Daily Press

Tweet points out a line graph plotting cases bears an uncanny resemblanc­e to Virginia.

- By Elisha Sauers Elisha Sauers, elisha.sauers@pilotonlin­e.com, 757-839-4754

Like clouds and ink blots, if you stare at data too long, you could start to see things.

Thomas Berry was checking the news for the latest on the pandemic when he made an observatio­n: A line graph plotting coronaviru­s cases in Virginia bore an uncanny resemblanc­e to the state itself.

It wasn’t Jerry Seinfeld-level material (What is the deal with graphs?) but a sufficient­ly amusing discovery to share with his 900 Twitter followers.

The tweet went viral Tuesday, in large part because Gov. Ralph Northam retweeted it, tacking on his own joke.

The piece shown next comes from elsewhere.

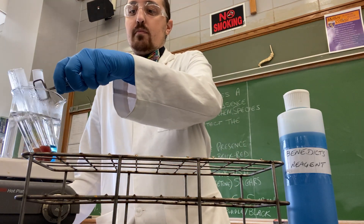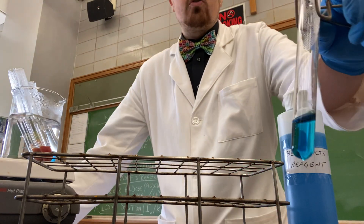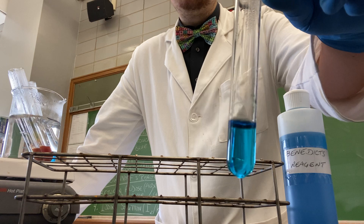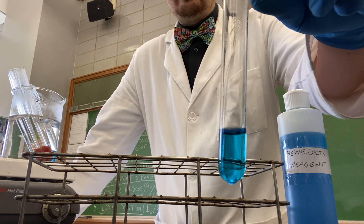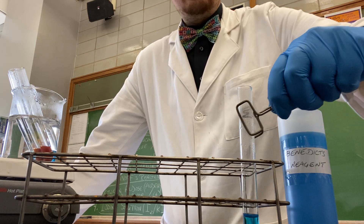The water is serving as our control group, which will show a negative test for reducing sugars. Here we see the solution has remained a blue color, indicating a negative test.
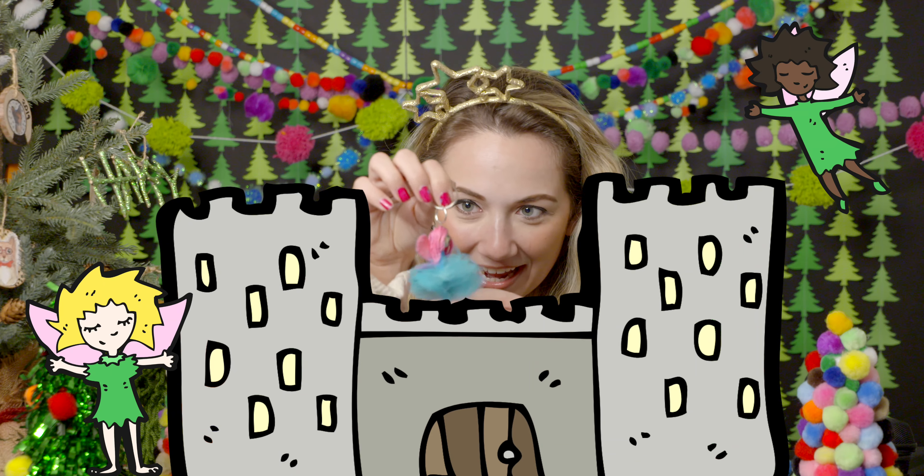Hey everyone, I'm Madison and welcome back to my channel Mad Crafty. Today is day 13 of 25 days of holiday crafts, and for today's craft we're going to be making fairy ornaments and key chains.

“This may be the only time I want the Eastern Shore left off a Virginia map,” he said.

There it was — a trill of data, tracking the surges of infections statewide over the past year. It looked like the northern Virginia border. The axis was the straight line parting the commonweal­th from North Carolina. Everything appeared to be there, from Charlottes­ville to Hampton Roads.

That is, except the counties of the Eastern Shore.

Had they been represente­d on the graph, that would have meant a severe and recent spike in COVID19. Across the state, there have been some 477,000 confirmed cases, but since late January, numbers have declined, from 17% of standard nasal swab tests coming back positive for the virus to about 5.5%.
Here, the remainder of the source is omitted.